It's okay Tony. You have a passion for F1 and that's great. Sometimes we do read things out of context - we forget how important body language is when communicating. The important thing is that the conversation continues and tries to find answers. Your opinion matters and I hope you continue to voice it.
I would like to drill down further into what F1 is - if there's anyone up for the journey?
As I can see, there are 4 main points of view to consider:
1) the Driver - arguably the public face of F1 and would prefer flat out racing (no politics etc)
2) the Team - knows there's no show without a race and no race without a show (catch 22)
3) the Promoter - cares only for making money, any way they can do it
4) the Fan - wants a great show, loves cars, followers a team/driver, cares little for the behind the scenes stuff
Would this be close? If so, we can look at each part in depth and try to establish where the ratio/balance lies (or perceived balance as opposed to actually balance).
The Driver:
"Give me a car that I can throttle and leave me alone for 2 hours while I do it". Most drivers would fall under this category. If given the option to remove all the pomp and media commitments, I suspect letting them all loose on the track to fight it out would be their ultimate wet dream.
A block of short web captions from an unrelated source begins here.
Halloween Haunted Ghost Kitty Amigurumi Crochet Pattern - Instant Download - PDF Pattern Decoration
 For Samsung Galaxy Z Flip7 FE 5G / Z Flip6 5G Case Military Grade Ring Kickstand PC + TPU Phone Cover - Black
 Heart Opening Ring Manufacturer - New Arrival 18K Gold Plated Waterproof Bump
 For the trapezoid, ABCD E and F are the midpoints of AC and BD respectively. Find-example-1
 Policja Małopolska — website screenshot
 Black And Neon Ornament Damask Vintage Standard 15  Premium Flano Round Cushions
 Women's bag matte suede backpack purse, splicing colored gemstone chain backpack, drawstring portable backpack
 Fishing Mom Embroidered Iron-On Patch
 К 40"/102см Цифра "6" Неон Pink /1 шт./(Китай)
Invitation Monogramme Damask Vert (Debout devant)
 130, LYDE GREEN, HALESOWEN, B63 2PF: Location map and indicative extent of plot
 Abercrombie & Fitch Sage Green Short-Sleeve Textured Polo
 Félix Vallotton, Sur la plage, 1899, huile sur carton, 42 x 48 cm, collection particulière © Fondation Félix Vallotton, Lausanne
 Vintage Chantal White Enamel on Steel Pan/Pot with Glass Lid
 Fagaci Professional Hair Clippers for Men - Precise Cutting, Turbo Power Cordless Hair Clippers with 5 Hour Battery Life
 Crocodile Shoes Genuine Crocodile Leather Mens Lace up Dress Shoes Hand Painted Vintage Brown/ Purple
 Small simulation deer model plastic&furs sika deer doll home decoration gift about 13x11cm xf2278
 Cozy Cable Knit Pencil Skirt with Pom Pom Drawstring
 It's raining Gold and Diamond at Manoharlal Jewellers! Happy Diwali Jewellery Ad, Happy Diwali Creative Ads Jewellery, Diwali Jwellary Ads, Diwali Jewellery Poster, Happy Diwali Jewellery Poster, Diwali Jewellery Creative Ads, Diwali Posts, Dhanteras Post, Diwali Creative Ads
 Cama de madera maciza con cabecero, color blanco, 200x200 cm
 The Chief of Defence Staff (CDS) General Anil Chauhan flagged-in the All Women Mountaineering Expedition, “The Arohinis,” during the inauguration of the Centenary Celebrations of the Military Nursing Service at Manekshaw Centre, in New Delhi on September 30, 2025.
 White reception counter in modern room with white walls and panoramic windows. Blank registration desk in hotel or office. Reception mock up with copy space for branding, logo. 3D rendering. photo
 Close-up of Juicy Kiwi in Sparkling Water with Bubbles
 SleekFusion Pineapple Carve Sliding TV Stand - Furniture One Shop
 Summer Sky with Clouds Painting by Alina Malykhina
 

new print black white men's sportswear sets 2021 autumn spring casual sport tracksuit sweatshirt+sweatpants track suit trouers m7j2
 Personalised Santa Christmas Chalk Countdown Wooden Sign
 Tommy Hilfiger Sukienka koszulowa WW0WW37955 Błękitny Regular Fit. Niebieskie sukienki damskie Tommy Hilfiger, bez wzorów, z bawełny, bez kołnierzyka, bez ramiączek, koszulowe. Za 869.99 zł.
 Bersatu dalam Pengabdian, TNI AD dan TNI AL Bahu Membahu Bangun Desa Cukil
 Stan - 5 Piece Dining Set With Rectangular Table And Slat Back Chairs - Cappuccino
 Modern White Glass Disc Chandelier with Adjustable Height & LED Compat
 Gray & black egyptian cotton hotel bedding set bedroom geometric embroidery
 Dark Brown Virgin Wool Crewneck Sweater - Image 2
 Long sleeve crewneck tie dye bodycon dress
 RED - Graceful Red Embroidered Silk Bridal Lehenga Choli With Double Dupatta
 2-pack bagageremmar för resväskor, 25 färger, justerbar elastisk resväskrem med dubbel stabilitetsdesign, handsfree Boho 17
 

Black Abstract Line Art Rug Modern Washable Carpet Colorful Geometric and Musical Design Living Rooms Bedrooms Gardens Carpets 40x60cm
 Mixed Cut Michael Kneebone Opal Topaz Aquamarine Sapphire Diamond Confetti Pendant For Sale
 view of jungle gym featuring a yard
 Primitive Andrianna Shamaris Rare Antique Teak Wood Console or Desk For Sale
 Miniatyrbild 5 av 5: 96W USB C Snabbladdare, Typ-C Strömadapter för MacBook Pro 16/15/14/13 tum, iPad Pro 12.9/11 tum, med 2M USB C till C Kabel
Pure racing for the hell of it is attractive and underpins all Motorsport. No-one started karting for the 'show'.This is a Spectacle in it's own right, yet it's delivered from a majority purist perspective.
The Team:
"I've got sponsors to report too and budgets to meet. Win the race, don't wreck the car". The team, I think, would gladly not have sponsors and budgets, they're racers and competitors too, however they know the reality and must find a balance in themselves and the team to achieve that.
The team want to win and be seen as the best. They want to dominate and are pursuits at heart, but the spectacle is what keeps them employed. A balance is needed between racing and the show.
The Promoter:
"I got tickets to sell and media space to fill with ads. Who wins matters, as it could mean more revenue, but don't make it boring and I want the biggest cut".
Promoters have a place but really only care about themselves and the profits they can make. As long as one of the poster boys wins, all is good in F1 land. Promoters will destroy a sport/person to make a show **cough** Don King and their personal interests always come first. They're only about the spectacle.
The Fan:
"I love my sport and wish I could see it, however money is tight and food is more important than tickets. When I don't understand something, I disconnect from it. No one listens to me".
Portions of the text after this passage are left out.